The Gresham graduate completes marathons on back-to-back days
by: David Terris, Gresham graduate Wendy Terris runs through the fog during a recent marathon in Vancouver. She has completed 47 of the long-distance events.

Wendy Terris needed six hours before she finally hit the finish line at the Boston Marathon last week. That time would be considered pretty slow if you're only running one race, but Terris spent six hours pounding the pavement in back-to-back marathons, going more than 52 miles in two days.

Terris, a Gresham High School graduate, competed in the U.S. Women's Olympic Marathon Trials in Boston on Sunday, April 20, and the next day at the 112th running of the Boston Marathon.

'I never thought it was odd, but a lot of people started calling me about it,' Terris explained last week, a few days after returning from the East Coast.

Odd or not, she was the only one out of 125 women who ran in the trials to turn around and run the next day. And run well. She clocked a time of 2:55:28 on the modified, loop-style course designed for the Olympic trials, and a 3:03:18 in the notoriously hilly Boston Marathon.

'I'm never going to be fast enough to make the [Olympic] team,' Terris said. (Top qualifier Deena Kastor ran under 2:30) 'So it's cool that I got some press for being crazy.'

Terris said she's never failed to complete any of the 47 marathons she ran before Boston, so she was confident she could pull off the 'double.' But there were challenges. Terris said she struggled when she hit Boston's trademark hills around mile 17, but credited the crowd with keeping her spirits up. There were reports that the crowds at the women's trials far outweighed the crowds at the men's marathon trials, held in November before the New York City Marathon.

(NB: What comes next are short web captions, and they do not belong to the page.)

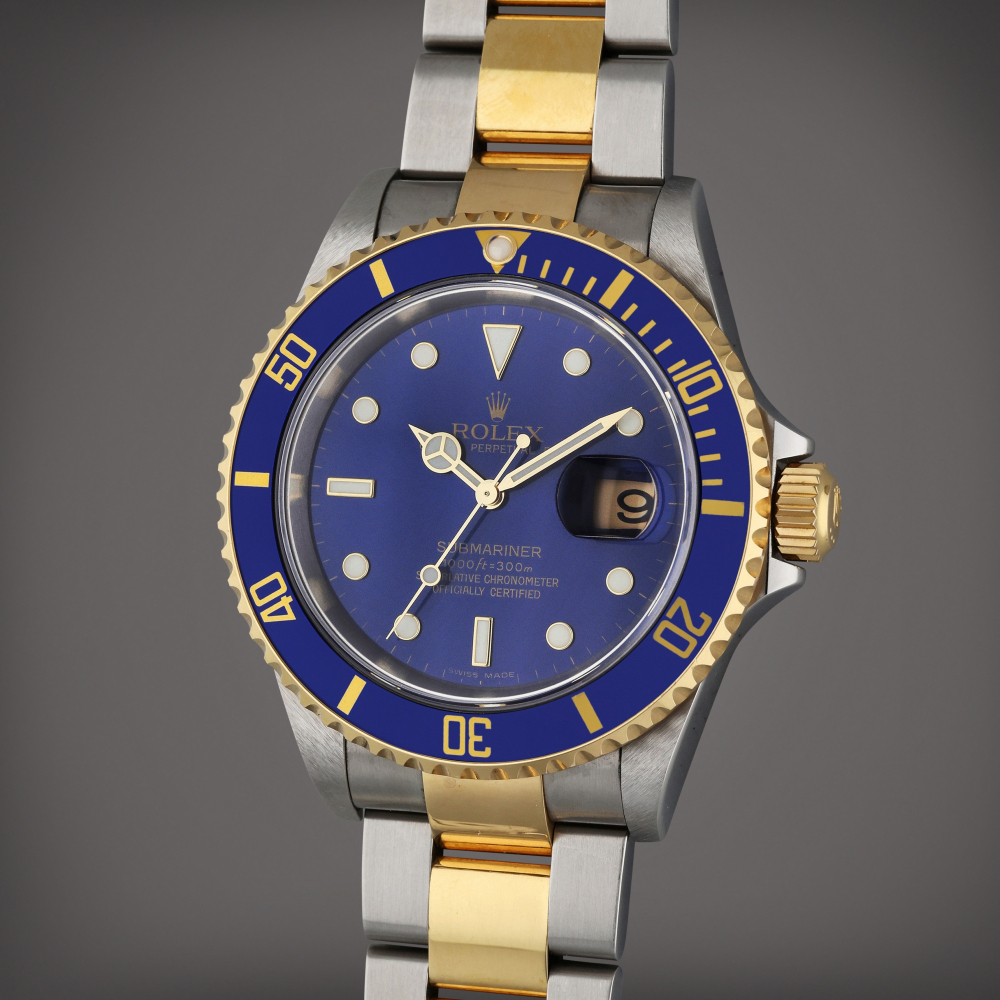 Rolex Reference 16613 T Submariner | A yellow gold and stainless steel automatic wristwatch with date and bracelet, Circa 2008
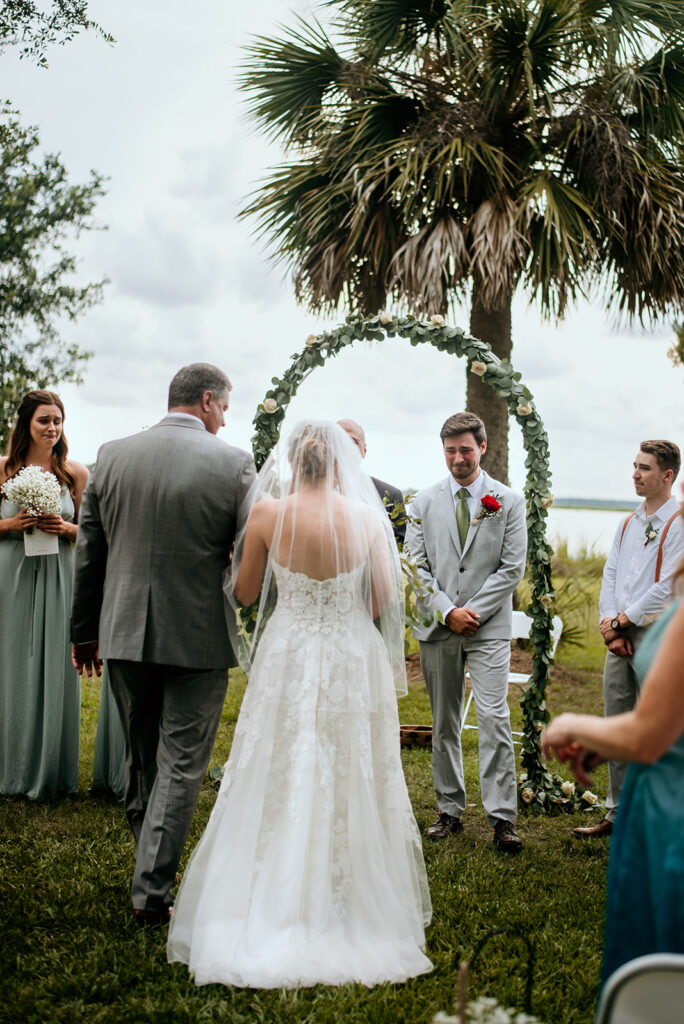groom reacting to bride for the first time at saint simons island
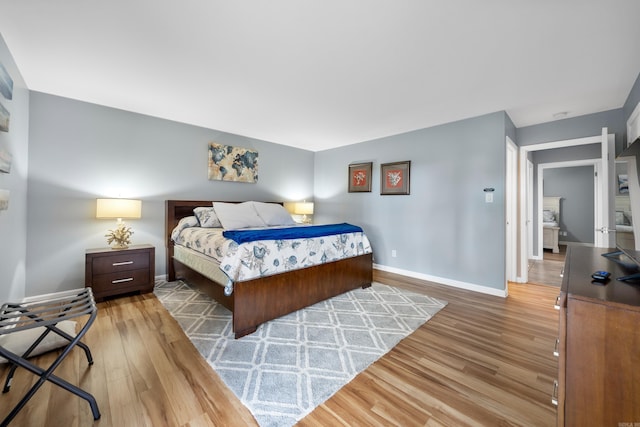 350 Peters Pt Unit L1, Hot Springs, AR 71913 - bedroom with baseboards and wood finished floors
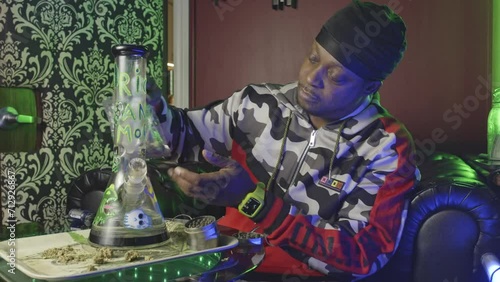 wide shot of a black man picking up a bag of marijuana bud and smelling the aroma before breaking the bud up into the marijuana grinder with a glass water bong on the table photo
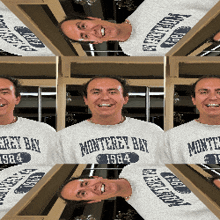 a man wearing a monterey bay 1984 sweatshirt smiles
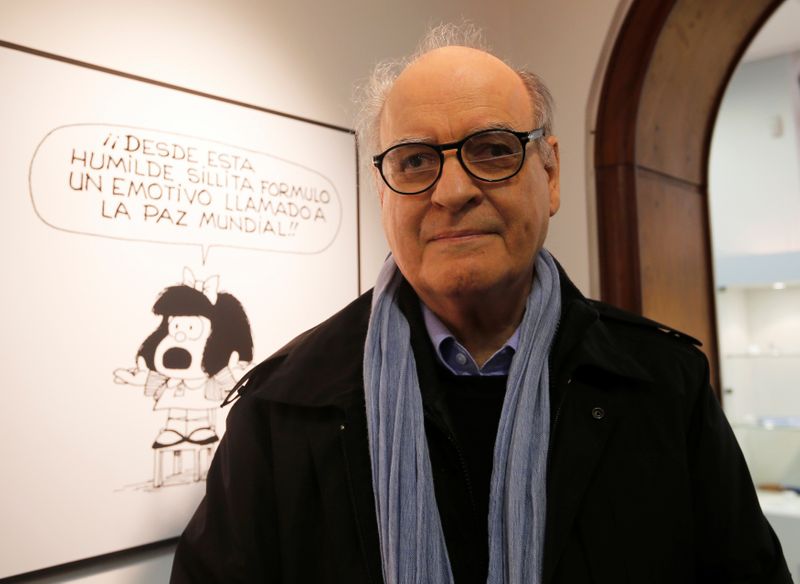 FILE PHOTO: Argentine cartoonist Quino poses in front of his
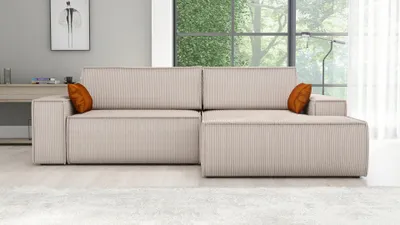A modern living room with a sectional sofa, large window, and artwork.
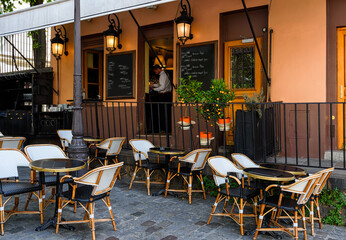 Wall Mural - Cozy street with tables of cafe in quarter Montmartre in Paris, France. Architecture and landmarks of Paris. Postcard of Paris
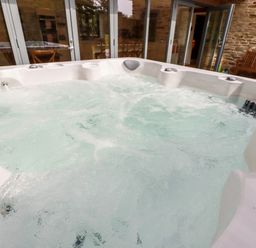 A bubbling hot tub in an outdoor area with stone walls glass doors and a wooden bench at Carines Barns - Wesley Barn in Cubert
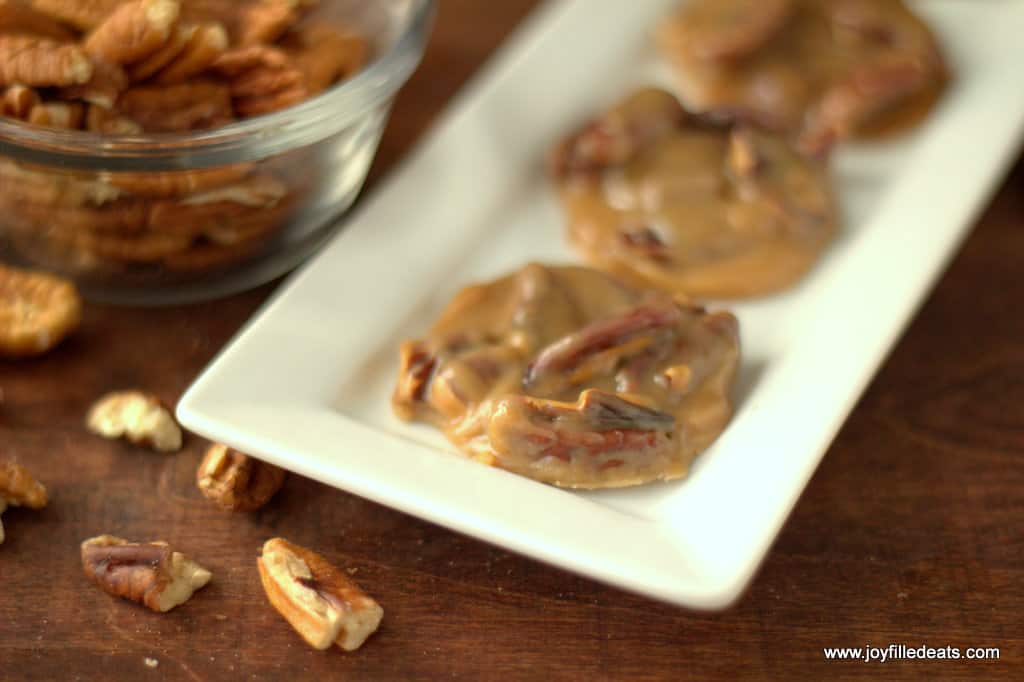 keto pecan pralines lined on a white platter next to a bowl of raw pecans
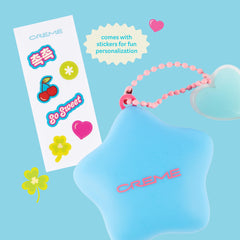 The Crème Shop charm clipped to a bag demonstrating easy attachment and everyday use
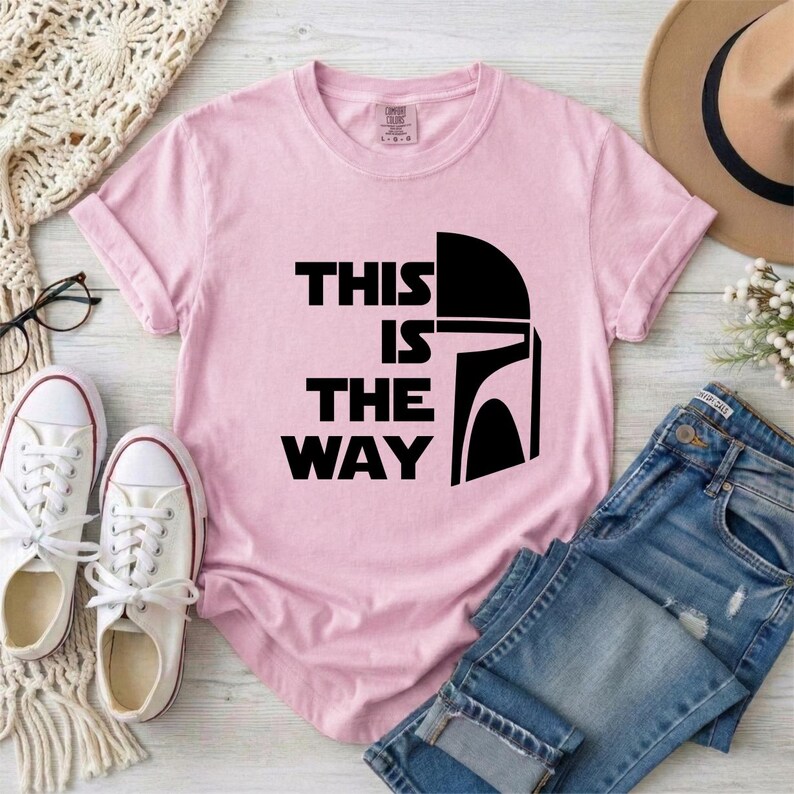 May include: A light pink t-shirt with the phrase "THIS IS THE WAY" in black block letters and a black helmet graphic. The shirt is folded, with white sneakers, blue jeans, and a hat in the background.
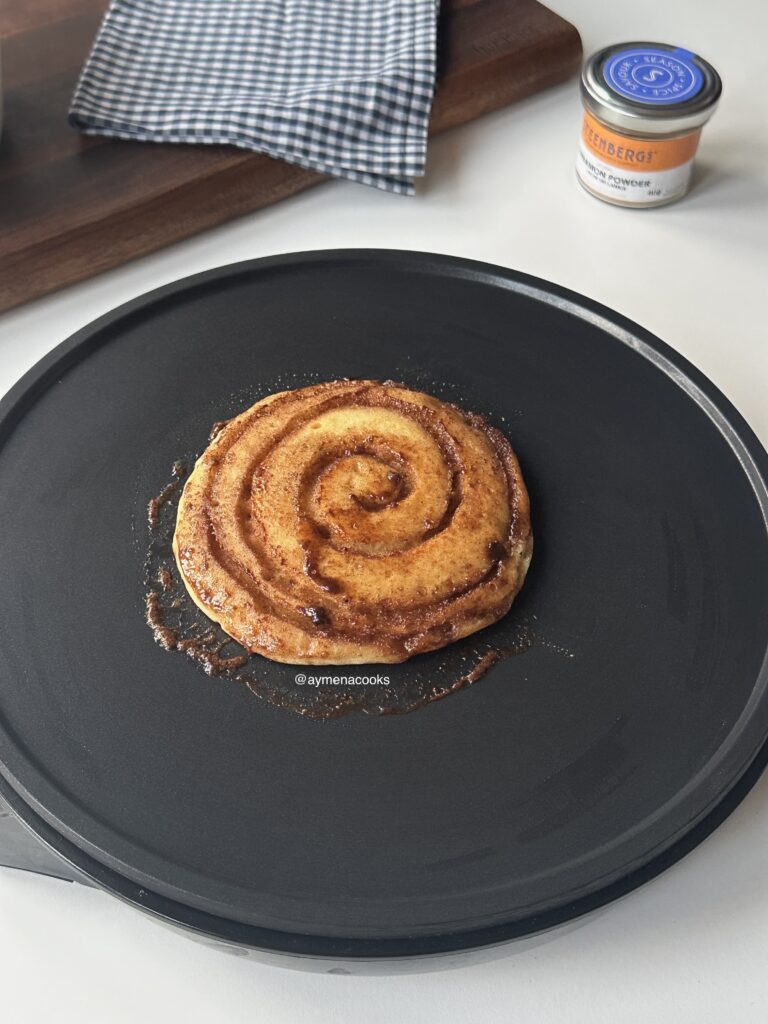 Cinnamon roll pancake with a caramelized brown sugar cinnamon swirl.
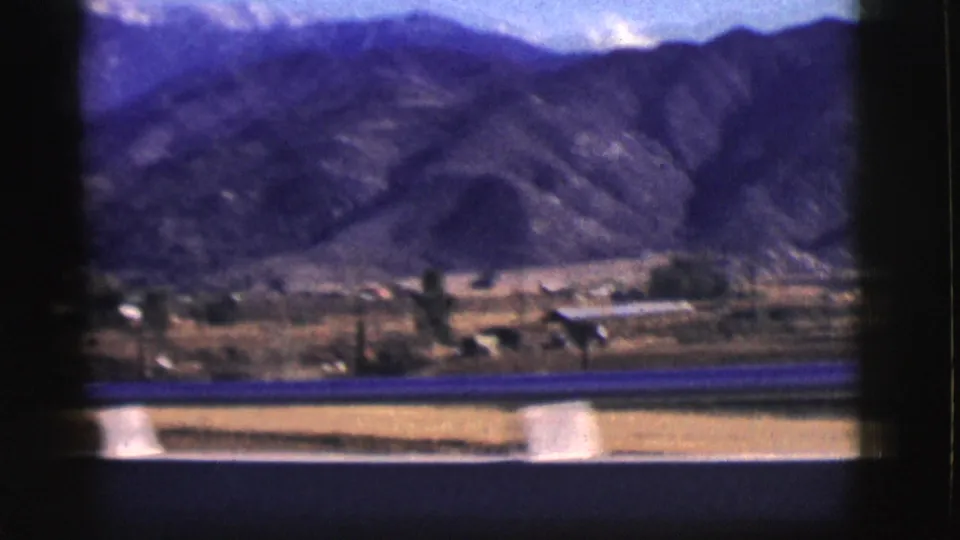 Clarkdale-area rural foreground and mountain slope seen from a moving vehicle in 1961 archival 8mm footage.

'The crowds were excellent both days,' she said. 'It was kind of neat to get the perspective from both races, it was nice having different crowds.'

Taking another crack at Boston amounted to a sort of redemption for Terris. She ran the race once before in 2000, and said it was one of her worst marathon performances. She also sprained her ankle during the 2004 Olympic trials in St. Louis, and finished slower than she anticipated.

While Terris couldn't keep pace with the fastest women in America during the trials, she has been among the fastest women in the Portland area at the marathon distance. She is currently the two-time defending champ of the Foot Traffic Flat Marathon on Sauvie Island, where last year she beat the rest of the women's field by nearly 20 minutes, and finished fifth overall.

Will there be another double in Terris's future?

She didn't rule one out, though she said the logistics of traveling might make it impossible. It's rare to find two marathons in the same area on the same weekend. The Olympic trials presented a unique opportunity because the race coincides with a major marathon like Boston or New York, but is run the day before.

But there could be longer single-day jaunts in her future. Already, Terris has dabbled in different distances. She's run five 50-kilometer races and a 50 miler. At 38 she said running longer distances is 'on my mind, because I'm probably not going to get much faster.'

Terris grew up in Gresham and went to Mount Hood Community College before running at Willamette University. She belongs to the Red Lizard Running Club, a popular area group whose jersey she wore during the trials. She lives in Milwaukie with her husband Evan, who also ran Boston, and her 3-year old son Sebastian.